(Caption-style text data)
----------
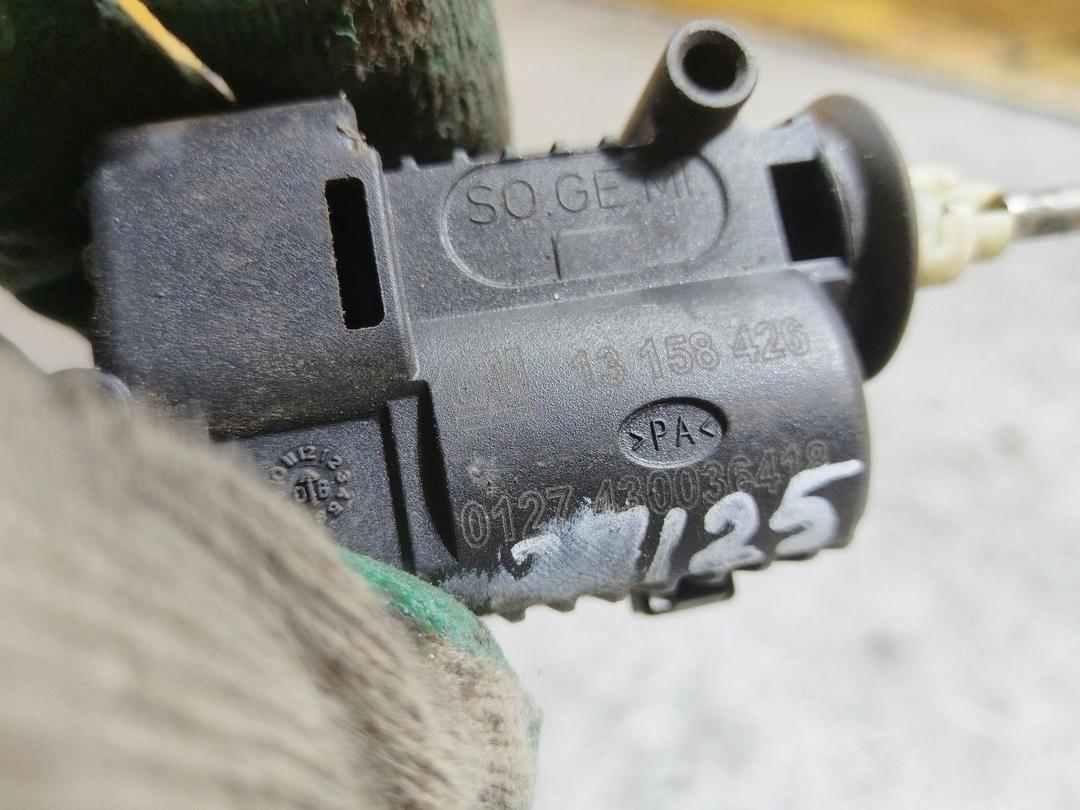 Активатор замка крышки топливного бака G1N329 Opel Astra купить в магазине запчастей бу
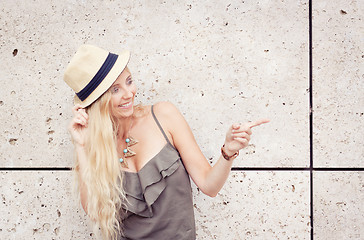 Image showing happy young blonde woman with hat outdoor summertime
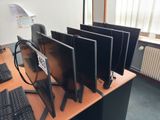 four computer monitors on a desk with a keyboard and mouse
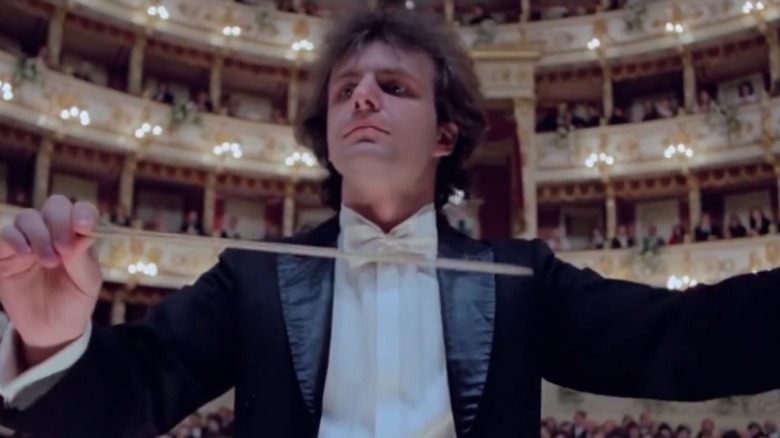 Conductor in front of the orchestra in Opera (1987)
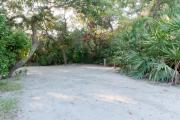 Frontal view of sandy site 97 showing lantern post and electric and water hookups with live oak trees nestled under shady maritime hammock in Anastasia State Park.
----------
§ Problem statement
Output only the lines running from the line with "four computer monitors" through the last line of the entries above, inclusive, with pictures excluded.

§ Answer box
 four computer monitors on a desk with a keyboard and mouse
 Conductor in front of the orchestra in Opera (1987)
 Frontal view of sandy site 97 showing lantern post and electric and water hookups with live oak trees nestled under shady maritime hammock in Anastasia State Park.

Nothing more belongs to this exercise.